~ Semantic Search Art ~

Demo for comparison of several best clustering technologies

Comparison of the best clustering technologies

This article is a review of my one year research in semantic search and document clustering technologies. I found several algorithms significantly more effective and accurate than the others:

  • Naive Bayes
  • Hierarchical Agglomerative Clustering
  • Polar Orthogonalization
  • k-means with Polar Orthogonalization
  • Random Forest with Polar Orthogonalization used in classifiers

Besides HAC they all need the training sample. In case training sample is not available, it can be easily obtained by HAC. After HAC has created several clusters, they can be examined and used as training sample. In the demo at the top HAC also uses training sample. When merging the clusters, it checks if clusters to be merged contain files from training sample that were categorized differently. If yes, HAC skips this merge and use another best couple. Polar Orthogonalization can be used along with other methods and improve them in this way. Random Forest and k-means are two algorithms that can be significantly improved by PO. In Random Forest the critical part for the algorithm is construction of the classifier. Articles about Random Forest don't tell how to do that. In my code I make classifier as two orthogonal vectors. For the group of vectors in each node I seek two the most orthogonal vectors and investigate the others. I classify each other vector as being closer to either of them, add them to accordingly selected vector, making two groups, orthogonalize these two vectors and use them as classifier in navigating further down the tree.

My remarks should look clear for those who are familiar with algorithms that I mention in my review. The detailed description and code samples can be found on this site along with references to other articles.

The project at the top can be used for any data corpus, but different data needs different training samples and different expected result for estimation of accuracy. It is recommended to execute it first with PATENTCORPUS128. For this data corpus no changes in code are required besides passing the correct data location to a program. Code is not optimized for a quick processing of several million documents but rather designed to show the concepts and compare algorithms. It is interesting that disabling stemming deproves HAC, PO and k-means but improves NB and RF. Disabling PO in k-means and RF allow them to run but reduce accuracy on 25%. Enabling or disabling stemming is done by the flag passed to function WordProcessing.processFiles.
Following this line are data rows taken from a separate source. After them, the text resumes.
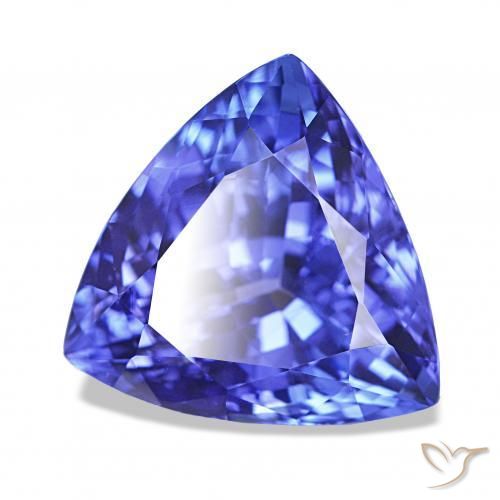 Tanzanita Azul violeta oscuro natural de 5.49 ct, Trillón, IF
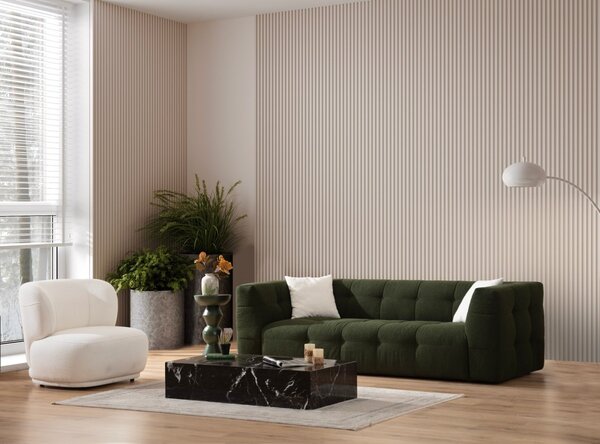 Hanah Home Trojmiestna pohovka Cady 235 cm zelená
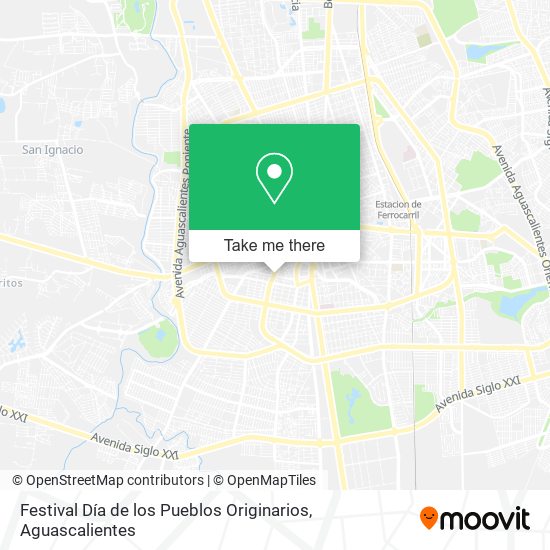 Festival Día de los Pueblos Originarios map
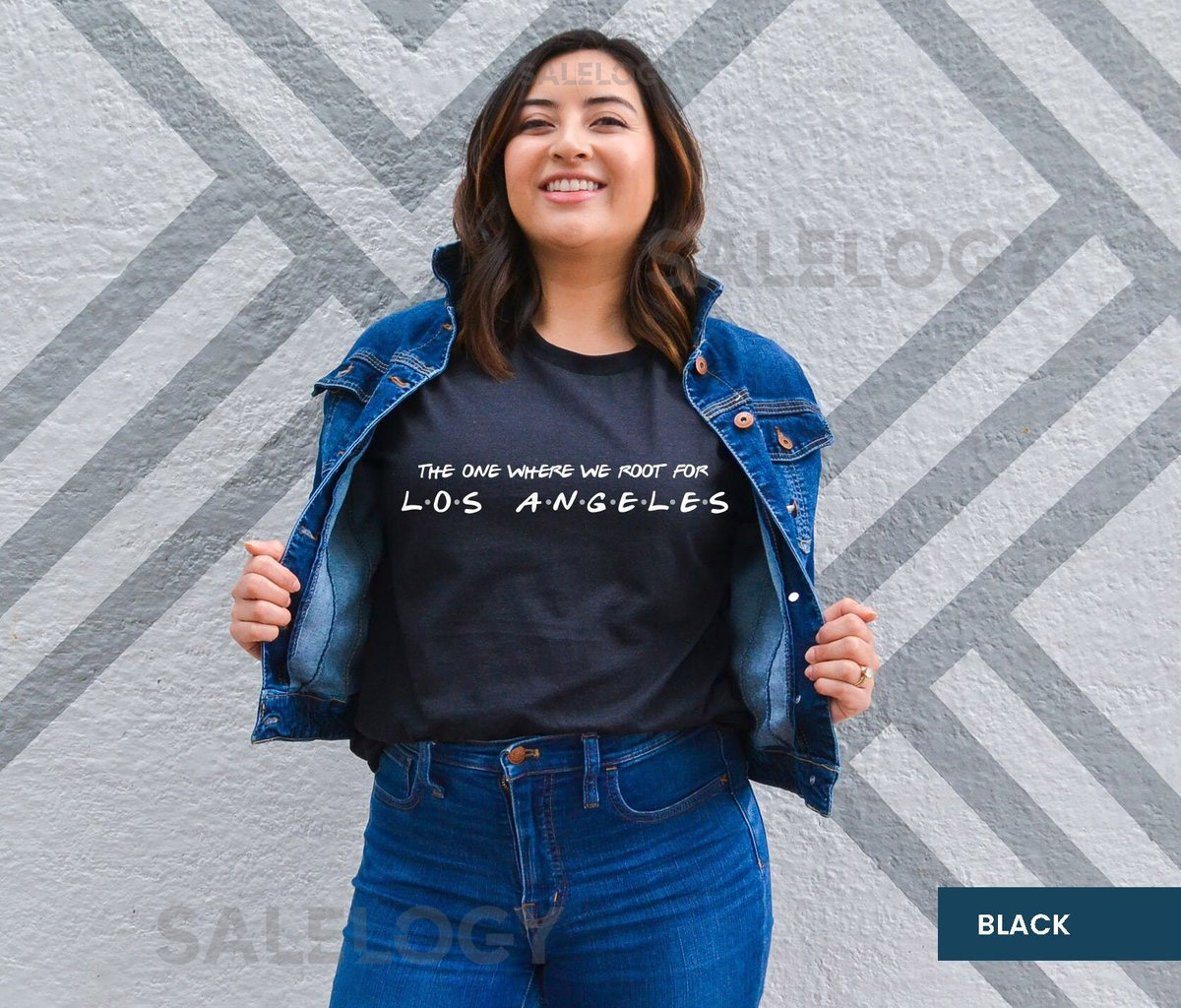 Friends TV Show Los Angeles Hockey T-Shirt_165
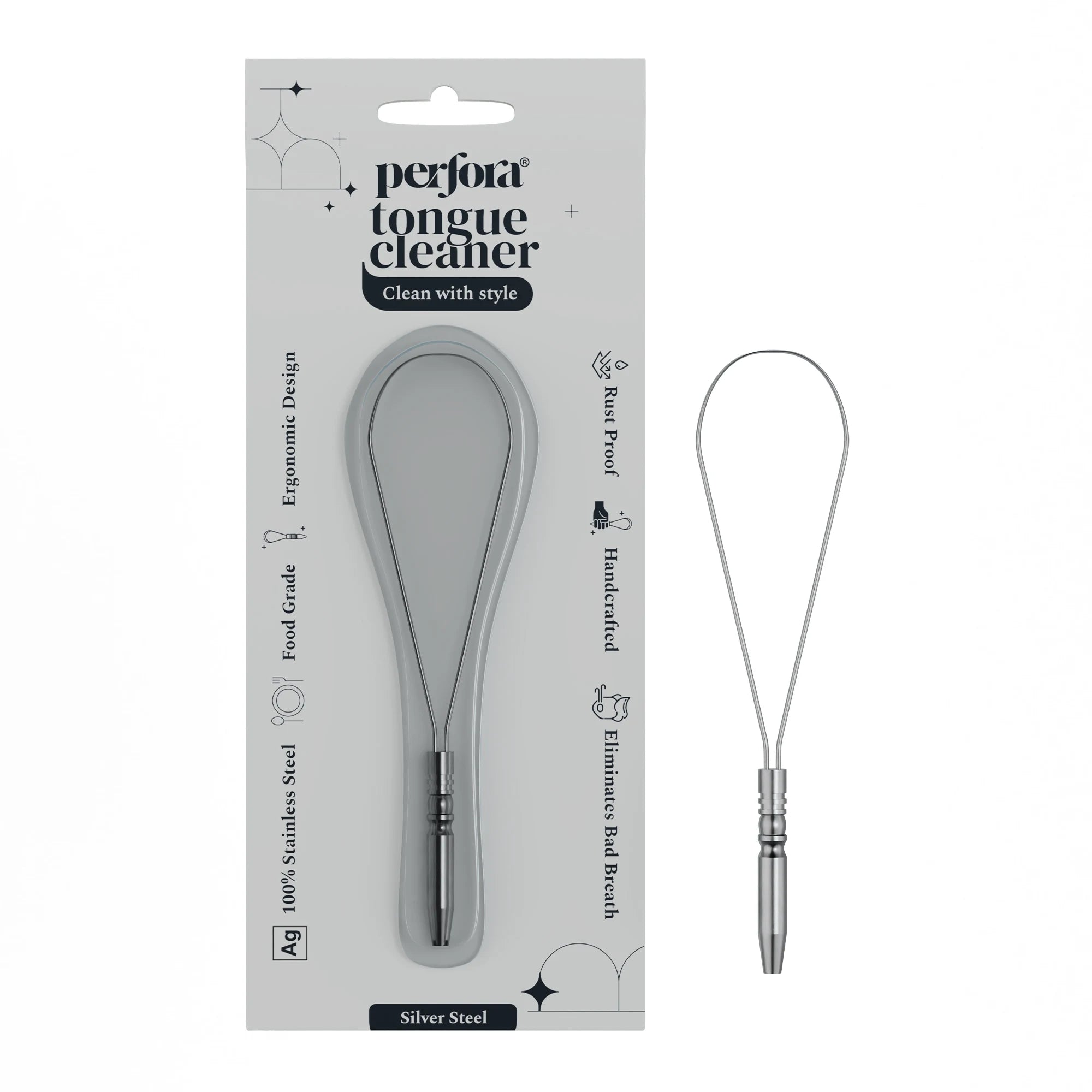 Stainless Steel Tongue Cleaner & Scraper
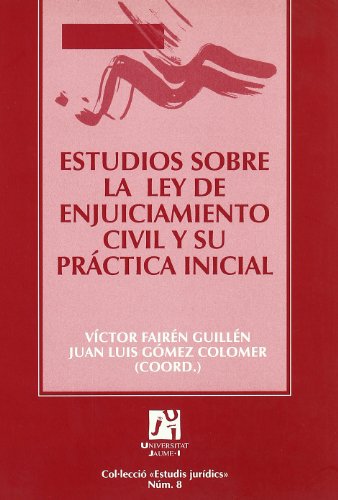 Stock image for Estudios sobre la Ley de Enjuiciamiento Civil y Su Prctica Inicial: 8 for sale by Hamelyn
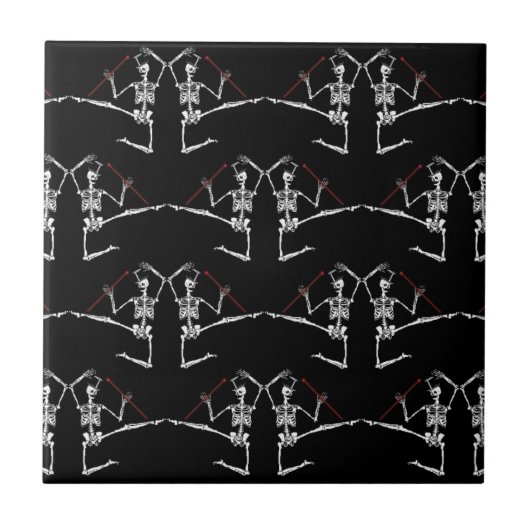 Dia de Los Muertos Day der toten trivet Fliese (Vorderseite)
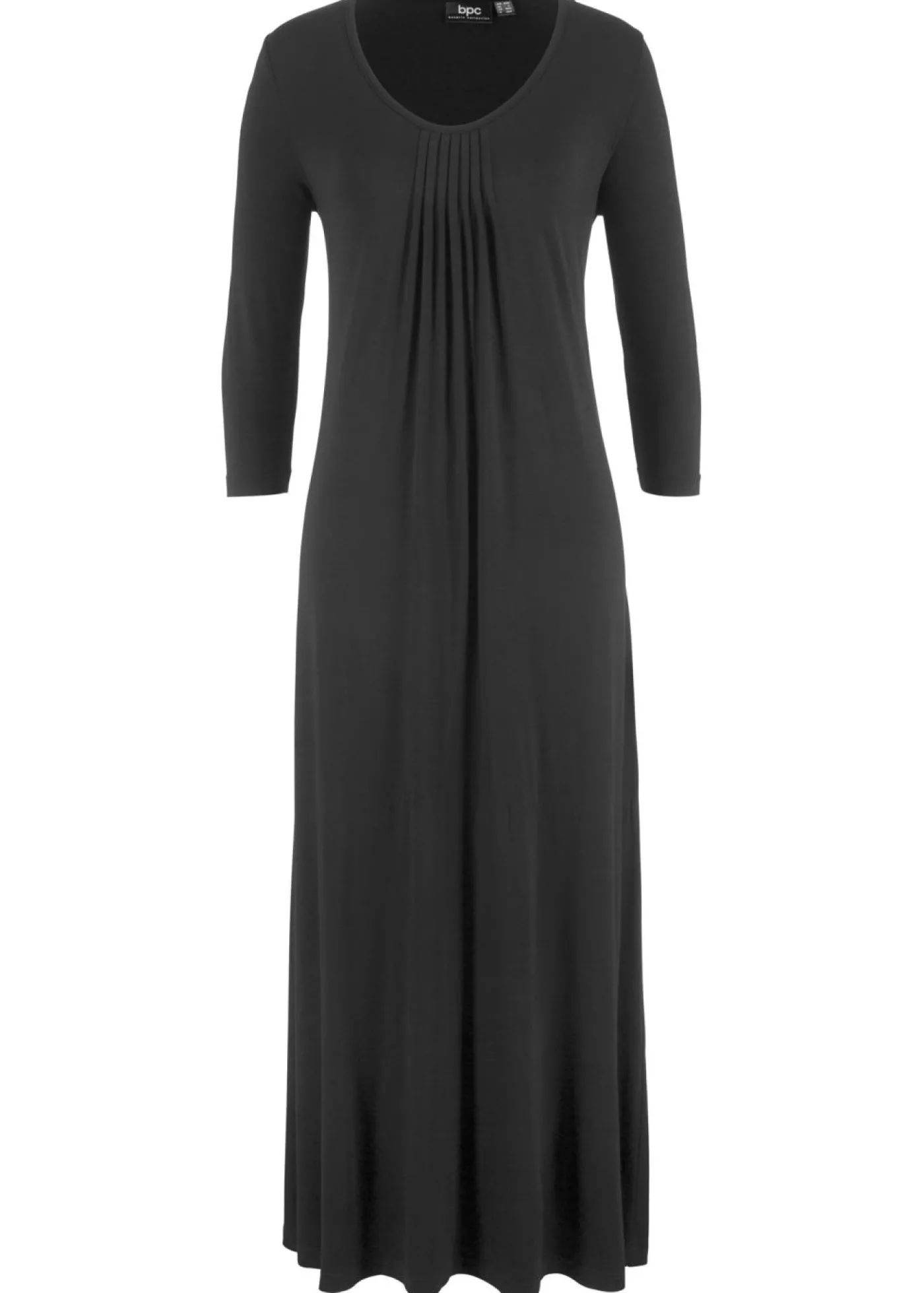 bonprix bonprix Vestido largo de viscosa Negro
The program also shows how different technologies may be used for simple voting. All five technologies cluster data with slight difference but with accuracy 65 to 90 percent. Applying simple voting improves result only by one or two percent, which is sort of disappointing and clearly shows that adding new but inaccurate technique may not improve the end result.

Having multiple technologies may, however, be used for improvement of the accuracy. When different techniques disagree in clustering a particular document, this document can be examined manually and added to the training set. Repeating this step will quickly improve clustering. User needs spot the document classified differently by different techniques, examine it manually, add it to training sample and rerun the program. This strategy is widely used (Recommind predictive coding, for example).